WHAT YOU SHOULD DO: For this task, output exactly the lines of the material below starting at the line with "4607 Shenandoah Ave, Unit 1E" and ending at the line with "Hyundai Solaris II"; pictures are to be excluded.

EXERCISE DATA:
::::::::::

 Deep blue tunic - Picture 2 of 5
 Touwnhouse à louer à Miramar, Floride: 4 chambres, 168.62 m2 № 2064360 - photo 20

::::::::::

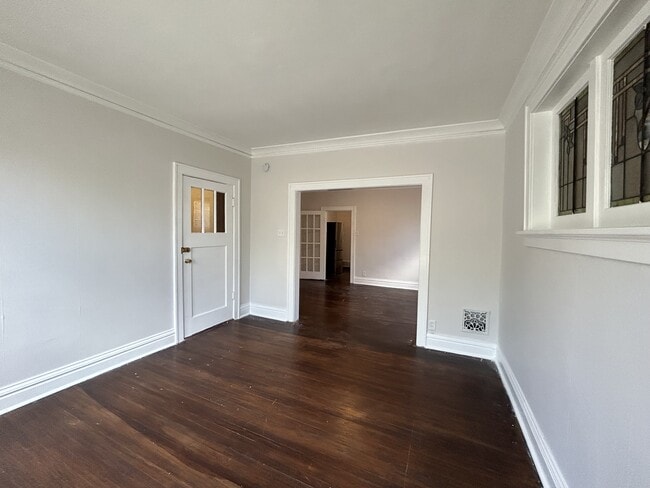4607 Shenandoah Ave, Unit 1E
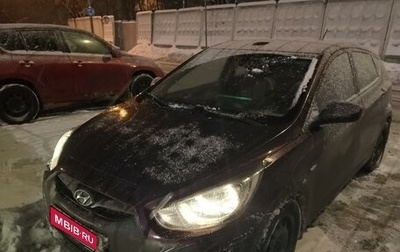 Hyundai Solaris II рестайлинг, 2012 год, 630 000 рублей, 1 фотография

::::::::::

ANSWER SPACE:
4607 Shenandoah Ave, Unit 1E
 Hyundai Solaris II рестайлинг, 2012 год, 630 000 рублей, 1 фотография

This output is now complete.